Of the first of these impulses: Campos is possessed of the Whitmanian desire to 'contain multitudes'. Critics have noted how 'Whitman's influence is apparent in part in the sheer vitality of these poems, in the zest for experience which they express.' Indeed Campos has in many respects outdone his precursor in 'containing multitudes': it seems that the entire cosmos is not enough for him to 'contain'. After chanting all the places, all the ports, all the sights he's seen.... 'Of all this,' he remarks, 'which is so much, is nothing next to what I want.'

One of the poet's constant preoccupations is that of identity: he does not know who he is. The problem, it seems, is not that he doesn't know what to be; on the contrary: he wants to be too much, everything; short of achieving this he despairs. Unlike Caeiro, who asks nothing of life, he asks too much. In his poetic meditation 'Tobacco Shop' he asks:

How should I know what I'll be, I who don't know what I am?
Be what I think? But I think of being so many things!

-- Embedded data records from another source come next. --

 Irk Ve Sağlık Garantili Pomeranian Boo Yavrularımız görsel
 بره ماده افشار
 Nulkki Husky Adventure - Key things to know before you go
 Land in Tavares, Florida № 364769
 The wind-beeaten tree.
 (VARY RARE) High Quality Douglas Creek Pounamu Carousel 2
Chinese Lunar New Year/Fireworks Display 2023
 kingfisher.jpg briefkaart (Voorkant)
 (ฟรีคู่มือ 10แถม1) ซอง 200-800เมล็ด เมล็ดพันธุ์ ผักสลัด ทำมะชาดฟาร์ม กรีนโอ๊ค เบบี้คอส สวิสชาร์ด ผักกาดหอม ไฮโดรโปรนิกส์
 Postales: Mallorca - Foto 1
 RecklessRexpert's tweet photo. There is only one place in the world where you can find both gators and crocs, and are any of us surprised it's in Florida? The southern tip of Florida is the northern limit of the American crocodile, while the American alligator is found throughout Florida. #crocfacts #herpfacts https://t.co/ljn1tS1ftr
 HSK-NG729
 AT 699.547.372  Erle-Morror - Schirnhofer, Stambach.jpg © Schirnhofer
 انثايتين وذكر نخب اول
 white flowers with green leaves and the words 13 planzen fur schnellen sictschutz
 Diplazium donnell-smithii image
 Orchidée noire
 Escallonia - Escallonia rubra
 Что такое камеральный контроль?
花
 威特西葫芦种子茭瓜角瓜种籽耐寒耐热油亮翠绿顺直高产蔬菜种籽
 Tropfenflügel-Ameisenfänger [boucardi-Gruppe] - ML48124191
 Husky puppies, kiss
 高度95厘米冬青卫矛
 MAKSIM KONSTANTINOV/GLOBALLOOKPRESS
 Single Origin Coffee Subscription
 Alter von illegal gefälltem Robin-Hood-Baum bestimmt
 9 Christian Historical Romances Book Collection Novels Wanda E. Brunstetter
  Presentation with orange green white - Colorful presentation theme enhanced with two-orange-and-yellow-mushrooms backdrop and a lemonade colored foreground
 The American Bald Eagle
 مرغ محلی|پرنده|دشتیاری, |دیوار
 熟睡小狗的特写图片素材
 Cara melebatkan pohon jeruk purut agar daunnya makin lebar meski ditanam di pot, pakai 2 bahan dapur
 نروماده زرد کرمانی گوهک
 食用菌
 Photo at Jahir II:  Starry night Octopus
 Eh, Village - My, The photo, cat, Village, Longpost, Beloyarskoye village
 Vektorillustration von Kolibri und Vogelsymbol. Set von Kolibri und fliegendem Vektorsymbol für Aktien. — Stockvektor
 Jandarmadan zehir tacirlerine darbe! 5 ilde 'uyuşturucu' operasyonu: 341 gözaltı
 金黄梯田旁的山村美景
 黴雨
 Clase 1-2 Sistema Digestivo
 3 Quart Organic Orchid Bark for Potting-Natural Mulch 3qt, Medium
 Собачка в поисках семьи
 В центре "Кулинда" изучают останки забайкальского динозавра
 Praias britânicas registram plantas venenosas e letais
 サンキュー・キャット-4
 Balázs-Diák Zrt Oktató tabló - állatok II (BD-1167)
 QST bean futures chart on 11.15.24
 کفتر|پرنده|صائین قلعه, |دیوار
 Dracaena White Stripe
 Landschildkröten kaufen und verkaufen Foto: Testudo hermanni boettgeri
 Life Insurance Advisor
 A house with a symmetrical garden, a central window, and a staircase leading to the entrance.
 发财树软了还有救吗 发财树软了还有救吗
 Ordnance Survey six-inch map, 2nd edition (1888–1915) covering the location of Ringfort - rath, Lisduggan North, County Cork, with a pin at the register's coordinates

Campos can be manic-depressive, exultant, violent, dynamic; he quests for nowhere and everywhere at once. His is an agonized doubt at the wasting of life-- at life, everything. For a critic he is 'par excellence the poet appalled by the emptiness of his own existence, lethargic, lacking in will-power, seeking inspiration, or at all events finding it, in semi-conscious states, in the twilight world between waking and sleeping, in dreams and in drunkenness.'

Fernando Pessoa-himself

The poet is a faker
Who's so good at his act
He even fakes the pain
Of pain he feels in fact

--Fernando Pessoa-himself: Autopsychography

'Fernando Pessoa-himself' is not the 'real' Fernando Pessoa. Like Caeiro, Reis and Campos-- Pessoa-himself embodies only aspects of the poet. As will be seen Fernando Pessoa's personality is not stamped in any given voice; his personality is diffused through the heteronyms. For this reason 'Fernando Pessoa-himself' stands apart from the poet proper.

In reading the poetry of Pessoa-himself we shall realize that he shares many essential affinities with his peers, Caeiro and Campos in particular. Lines crop up in his poems that may as well be ascribed to Campos or Caeiro. It is useful to keep this in mind as we read this exposition.

The critic Leland Guyer sums up Pessoa-himself: "the poetry of the orthonymic Fernando Pessoa normally possesses a measured, regular form and appreciation of the musicality of verse. It takes on intellectual issues, and it is marked by concern with dreams, the imagination and mystery."

Richard Zenith calls Pessoa-himself '[Pessoa's] most intellectual and analytic poetic persona.' Like Alvaro de Campos, Pessoa-himself was afflicted with an acute identity crisis. Pessoa-himself has been described as indecisive and doubt plagued, as restless. Like Campos he can be melancholic, weary, resigned. The strength of Pessoa-himself's poetry rests in his ability to suggest a sense of loss; of sorrow for what can never be.

A constant theme in Pessoa's poetry is Tedio, or Tedium. The dictionary defines this word simply as 'a condition of being tedious; tediousness or boredom.' This definition does not sufficiently encompass the peculiar brand of tedium experienced by Pessoa-himself. His is more than simple boredom: it is a world weariness and disgust with life; a sense of the finality of failure; of the impossibility of having anything to want.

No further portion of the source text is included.